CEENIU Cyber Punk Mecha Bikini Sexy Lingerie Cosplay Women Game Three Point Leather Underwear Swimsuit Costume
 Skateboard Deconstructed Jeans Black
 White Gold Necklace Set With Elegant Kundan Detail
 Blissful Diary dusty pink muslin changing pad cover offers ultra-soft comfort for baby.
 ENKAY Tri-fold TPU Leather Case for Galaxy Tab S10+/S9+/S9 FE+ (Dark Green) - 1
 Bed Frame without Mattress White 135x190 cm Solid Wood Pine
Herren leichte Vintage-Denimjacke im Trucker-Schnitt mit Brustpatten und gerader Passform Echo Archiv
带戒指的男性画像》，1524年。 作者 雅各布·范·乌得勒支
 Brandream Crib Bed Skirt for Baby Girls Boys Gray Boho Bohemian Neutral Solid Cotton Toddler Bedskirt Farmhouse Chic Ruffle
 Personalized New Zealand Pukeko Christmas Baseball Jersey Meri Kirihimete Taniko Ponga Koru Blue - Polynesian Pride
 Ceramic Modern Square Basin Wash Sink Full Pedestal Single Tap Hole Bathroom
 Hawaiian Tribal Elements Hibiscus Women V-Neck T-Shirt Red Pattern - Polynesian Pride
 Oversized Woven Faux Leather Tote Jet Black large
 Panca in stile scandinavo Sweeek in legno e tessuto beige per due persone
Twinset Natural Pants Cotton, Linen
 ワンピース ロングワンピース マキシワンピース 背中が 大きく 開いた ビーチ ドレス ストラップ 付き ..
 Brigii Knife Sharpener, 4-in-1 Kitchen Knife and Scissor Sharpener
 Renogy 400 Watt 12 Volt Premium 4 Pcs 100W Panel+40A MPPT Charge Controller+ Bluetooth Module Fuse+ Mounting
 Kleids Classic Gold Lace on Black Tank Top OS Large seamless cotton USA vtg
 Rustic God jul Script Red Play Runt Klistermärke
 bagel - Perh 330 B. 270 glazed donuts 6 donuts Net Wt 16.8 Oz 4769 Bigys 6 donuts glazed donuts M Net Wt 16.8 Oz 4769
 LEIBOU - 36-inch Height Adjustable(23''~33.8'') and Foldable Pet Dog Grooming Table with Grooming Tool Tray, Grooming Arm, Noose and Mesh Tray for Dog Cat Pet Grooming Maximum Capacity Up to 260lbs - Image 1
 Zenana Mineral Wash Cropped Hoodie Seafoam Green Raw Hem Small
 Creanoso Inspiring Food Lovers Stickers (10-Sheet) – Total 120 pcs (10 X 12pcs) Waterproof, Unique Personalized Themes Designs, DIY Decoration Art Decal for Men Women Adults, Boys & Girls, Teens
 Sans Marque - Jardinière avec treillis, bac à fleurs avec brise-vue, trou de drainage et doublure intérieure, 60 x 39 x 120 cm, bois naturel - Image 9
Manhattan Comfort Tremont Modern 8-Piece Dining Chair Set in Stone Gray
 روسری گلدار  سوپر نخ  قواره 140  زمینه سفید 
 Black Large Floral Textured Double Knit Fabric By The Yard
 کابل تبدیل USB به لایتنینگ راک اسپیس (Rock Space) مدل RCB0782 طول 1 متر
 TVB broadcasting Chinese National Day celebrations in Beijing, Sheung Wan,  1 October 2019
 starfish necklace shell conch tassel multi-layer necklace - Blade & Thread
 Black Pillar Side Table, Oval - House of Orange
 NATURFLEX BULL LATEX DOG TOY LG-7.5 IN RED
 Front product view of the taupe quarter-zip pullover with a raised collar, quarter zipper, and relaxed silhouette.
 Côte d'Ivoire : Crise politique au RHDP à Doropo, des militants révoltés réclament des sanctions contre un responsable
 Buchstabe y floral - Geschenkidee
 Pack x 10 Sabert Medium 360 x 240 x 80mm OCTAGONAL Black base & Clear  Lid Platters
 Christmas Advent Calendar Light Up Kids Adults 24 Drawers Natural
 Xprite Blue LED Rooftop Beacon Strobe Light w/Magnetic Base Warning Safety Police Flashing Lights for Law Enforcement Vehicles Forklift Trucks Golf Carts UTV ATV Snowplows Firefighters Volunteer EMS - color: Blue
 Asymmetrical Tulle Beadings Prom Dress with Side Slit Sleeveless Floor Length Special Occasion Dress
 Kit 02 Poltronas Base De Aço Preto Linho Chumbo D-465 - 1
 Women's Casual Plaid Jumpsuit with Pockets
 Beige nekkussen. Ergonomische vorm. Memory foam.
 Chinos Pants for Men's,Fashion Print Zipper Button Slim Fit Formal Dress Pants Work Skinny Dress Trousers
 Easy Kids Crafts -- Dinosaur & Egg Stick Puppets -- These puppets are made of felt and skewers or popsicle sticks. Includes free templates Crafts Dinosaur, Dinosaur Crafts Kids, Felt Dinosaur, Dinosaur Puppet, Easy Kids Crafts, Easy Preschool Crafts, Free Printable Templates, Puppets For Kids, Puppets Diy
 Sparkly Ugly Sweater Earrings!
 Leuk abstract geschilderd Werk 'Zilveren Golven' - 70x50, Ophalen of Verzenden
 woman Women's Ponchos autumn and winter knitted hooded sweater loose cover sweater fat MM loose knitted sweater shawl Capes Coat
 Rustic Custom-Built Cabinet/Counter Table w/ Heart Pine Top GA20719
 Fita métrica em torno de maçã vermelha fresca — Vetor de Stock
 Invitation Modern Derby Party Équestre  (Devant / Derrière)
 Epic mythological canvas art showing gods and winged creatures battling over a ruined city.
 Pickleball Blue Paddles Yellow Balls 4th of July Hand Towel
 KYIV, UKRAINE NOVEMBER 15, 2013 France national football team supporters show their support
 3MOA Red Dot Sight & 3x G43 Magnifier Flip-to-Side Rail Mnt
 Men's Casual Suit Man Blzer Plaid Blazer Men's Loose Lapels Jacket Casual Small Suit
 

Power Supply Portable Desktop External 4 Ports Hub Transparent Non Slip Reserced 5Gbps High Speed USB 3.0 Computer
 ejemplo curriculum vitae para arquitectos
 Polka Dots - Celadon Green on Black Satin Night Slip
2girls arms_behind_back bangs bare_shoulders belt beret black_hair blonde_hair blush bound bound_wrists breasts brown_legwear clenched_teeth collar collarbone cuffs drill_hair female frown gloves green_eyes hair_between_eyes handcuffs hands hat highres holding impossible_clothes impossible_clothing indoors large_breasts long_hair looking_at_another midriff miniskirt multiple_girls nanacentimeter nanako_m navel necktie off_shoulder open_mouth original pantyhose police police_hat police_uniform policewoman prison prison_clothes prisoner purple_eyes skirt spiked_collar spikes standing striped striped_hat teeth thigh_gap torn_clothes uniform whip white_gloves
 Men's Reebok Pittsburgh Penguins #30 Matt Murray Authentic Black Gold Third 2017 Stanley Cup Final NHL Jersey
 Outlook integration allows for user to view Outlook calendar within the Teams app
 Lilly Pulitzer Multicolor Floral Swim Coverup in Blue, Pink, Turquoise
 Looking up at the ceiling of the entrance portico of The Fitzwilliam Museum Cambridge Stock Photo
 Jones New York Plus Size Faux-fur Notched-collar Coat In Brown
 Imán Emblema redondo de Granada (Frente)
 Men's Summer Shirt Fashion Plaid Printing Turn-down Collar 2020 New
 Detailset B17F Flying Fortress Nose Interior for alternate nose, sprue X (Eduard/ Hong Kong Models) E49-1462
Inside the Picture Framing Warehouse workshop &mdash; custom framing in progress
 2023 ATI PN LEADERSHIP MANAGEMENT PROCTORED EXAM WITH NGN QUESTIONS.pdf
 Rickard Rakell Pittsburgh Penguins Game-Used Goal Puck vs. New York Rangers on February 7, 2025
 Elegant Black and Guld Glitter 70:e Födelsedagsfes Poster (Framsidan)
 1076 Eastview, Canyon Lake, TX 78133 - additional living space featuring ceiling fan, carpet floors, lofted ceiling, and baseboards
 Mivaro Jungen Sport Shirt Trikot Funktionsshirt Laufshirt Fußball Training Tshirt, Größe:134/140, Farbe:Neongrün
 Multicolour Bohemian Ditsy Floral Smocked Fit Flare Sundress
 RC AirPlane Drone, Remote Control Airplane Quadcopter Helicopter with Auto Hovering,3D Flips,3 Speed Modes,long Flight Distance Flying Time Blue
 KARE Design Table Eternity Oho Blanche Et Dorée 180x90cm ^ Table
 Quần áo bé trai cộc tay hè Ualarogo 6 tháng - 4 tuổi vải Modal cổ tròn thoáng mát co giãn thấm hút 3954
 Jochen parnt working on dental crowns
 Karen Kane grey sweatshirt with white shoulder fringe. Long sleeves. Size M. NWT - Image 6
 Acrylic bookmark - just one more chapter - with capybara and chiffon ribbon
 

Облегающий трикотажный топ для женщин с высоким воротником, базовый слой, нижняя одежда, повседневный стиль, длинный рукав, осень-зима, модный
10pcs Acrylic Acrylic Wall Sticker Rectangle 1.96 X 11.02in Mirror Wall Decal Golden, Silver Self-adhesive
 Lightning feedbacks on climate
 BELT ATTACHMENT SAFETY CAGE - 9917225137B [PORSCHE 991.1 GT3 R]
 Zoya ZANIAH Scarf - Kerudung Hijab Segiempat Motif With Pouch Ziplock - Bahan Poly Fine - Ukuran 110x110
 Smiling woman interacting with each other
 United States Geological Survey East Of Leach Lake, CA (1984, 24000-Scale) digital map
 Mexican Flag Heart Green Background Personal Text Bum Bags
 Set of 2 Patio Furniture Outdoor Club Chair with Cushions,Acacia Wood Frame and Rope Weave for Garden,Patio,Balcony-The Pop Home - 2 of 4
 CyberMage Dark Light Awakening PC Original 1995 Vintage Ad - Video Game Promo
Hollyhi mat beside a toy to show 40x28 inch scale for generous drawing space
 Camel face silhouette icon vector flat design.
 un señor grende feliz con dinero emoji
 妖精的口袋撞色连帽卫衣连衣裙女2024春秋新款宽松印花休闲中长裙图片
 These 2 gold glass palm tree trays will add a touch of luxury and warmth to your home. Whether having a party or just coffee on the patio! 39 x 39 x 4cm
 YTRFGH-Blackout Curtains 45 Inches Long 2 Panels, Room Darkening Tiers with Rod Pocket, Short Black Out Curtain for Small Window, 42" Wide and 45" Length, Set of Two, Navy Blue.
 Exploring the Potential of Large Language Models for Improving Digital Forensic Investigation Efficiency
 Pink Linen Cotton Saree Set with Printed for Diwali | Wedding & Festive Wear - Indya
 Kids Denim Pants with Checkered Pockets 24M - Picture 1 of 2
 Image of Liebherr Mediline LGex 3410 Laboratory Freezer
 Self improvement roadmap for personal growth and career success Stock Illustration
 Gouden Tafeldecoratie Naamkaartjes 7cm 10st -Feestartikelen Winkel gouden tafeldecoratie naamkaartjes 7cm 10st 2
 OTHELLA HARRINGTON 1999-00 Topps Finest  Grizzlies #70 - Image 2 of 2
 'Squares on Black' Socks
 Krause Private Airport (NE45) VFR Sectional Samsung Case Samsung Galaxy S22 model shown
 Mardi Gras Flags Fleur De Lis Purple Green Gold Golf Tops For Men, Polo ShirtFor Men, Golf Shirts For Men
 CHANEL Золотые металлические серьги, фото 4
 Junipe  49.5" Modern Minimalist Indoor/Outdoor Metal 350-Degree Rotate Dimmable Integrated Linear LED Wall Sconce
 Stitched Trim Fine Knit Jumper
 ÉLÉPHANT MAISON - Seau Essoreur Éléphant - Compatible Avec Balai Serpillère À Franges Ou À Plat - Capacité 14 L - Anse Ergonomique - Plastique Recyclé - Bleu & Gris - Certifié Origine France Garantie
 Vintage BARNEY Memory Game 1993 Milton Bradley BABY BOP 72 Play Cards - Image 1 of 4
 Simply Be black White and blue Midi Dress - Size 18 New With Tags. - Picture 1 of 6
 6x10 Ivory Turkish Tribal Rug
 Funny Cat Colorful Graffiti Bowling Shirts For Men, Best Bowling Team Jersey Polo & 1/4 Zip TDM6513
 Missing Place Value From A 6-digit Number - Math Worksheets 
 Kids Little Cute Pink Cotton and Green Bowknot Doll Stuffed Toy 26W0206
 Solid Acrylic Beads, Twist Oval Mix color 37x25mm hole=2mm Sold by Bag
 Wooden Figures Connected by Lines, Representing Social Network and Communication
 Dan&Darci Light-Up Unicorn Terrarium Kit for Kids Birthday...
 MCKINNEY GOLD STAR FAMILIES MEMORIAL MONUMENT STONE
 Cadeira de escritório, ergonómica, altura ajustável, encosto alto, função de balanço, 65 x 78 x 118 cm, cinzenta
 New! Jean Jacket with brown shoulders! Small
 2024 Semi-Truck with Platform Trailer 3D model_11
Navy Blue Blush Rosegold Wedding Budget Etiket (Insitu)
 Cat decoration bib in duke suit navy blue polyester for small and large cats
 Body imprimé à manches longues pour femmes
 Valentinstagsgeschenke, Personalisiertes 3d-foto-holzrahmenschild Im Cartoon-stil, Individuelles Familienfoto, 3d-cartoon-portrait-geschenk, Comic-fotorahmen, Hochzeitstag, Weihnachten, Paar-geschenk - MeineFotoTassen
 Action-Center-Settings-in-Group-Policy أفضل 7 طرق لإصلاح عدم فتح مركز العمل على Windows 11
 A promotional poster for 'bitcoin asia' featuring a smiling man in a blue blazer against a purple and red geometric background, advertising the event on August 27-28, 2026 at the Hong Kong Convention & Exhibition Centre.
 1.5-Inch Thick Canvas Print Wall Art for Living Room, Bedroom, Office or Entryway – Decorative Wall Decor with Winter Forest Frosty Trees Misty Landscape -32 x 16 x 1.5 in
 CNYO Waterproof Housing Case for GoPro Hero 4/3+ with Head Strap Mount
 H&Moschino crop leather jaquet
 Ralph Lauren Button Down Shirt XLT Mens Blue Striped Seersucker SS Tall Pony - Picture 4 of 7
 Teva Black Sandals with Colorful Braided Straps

────────────────────────────────────────

Exercise
Using the records above, copy word for word the line with "RC AirPlane Drone, Remote", the line with "妖精的口袋撞色连帽卫衣连衣裙女2024春秋新款宽松印花休闲中长裙图片", and every line between them.

Exercise response
 RC AirPlane Drone, Remote Control Airplane Quadcopter Helicopter with Auto Hovering,3D Flips,3 Speed Modes,long Flight Distance Flying Time Blue
 KARE Design Table Eternity Oho Blanche Et Dorée 180x90cm ^ Table
 Quần áo bé trai cộc tay hè Ualarogo 6 tháng - 4 tuổi vải Modal cổ tròn thoáng mát co giãn thấm hút 3954
 Jochen parnt working on dental crowns
 Karen Kane grey sweatshirt with white shoulder fringe. Long sleeves. Size M. NWT - Image 6
 Acrylic bookmark - just one more chapter - with capybara and chiffon ribbon
 

Облегающий трикотажный топ для женщин с высоким воротником, базовый слой, нижняя одежда, повседневный стиль, длинный рукав, осень-зима, модный
10pcs Acrylic Acrylic Wall Sticker Rectangle 1.96 X 11.02in Mirror Wall Decal Golden, Silver Self-adhesive
 Lightning feedbacks on climate
 BELT ATTACHMENT SAFETY CAGE - 9917225137B [PORSCHE 991.1 GT3 R]
 Zoya ZANIAH Scarf - Kerudung Hijab Segiempat Motif With Pouch Ziplock - Bahan Poly Fine - Ukuran 110x110
 Smiling woman interacting with each other
 United States Geological Survey East Of Leach Lake, CA (1984, 24000-Scale) digital map
 Mexican Flag Heart Green Background Personal Text Bum Bags
 Set of 2 Patio Furniture Outdoor Club Chair with Cushions,Acacia Wood Frame and Rope Weave for Garden,Patio,Balcony-The Pop Home - 2 of 4
 CyberMage Dark Light Awakening PC Original 1995 Vintage Ad - Video Game Promo
Hollyhi mat beside a toy to show 40x28 inch scale for generous drawing space
 Camel face silhouette icon vector flat design.
 un señor grende feliz con dinero emoji
 妖精的口袋撞色连帽卫衣连衣裙女2024春秋新款宽松印花休闲中长裙图片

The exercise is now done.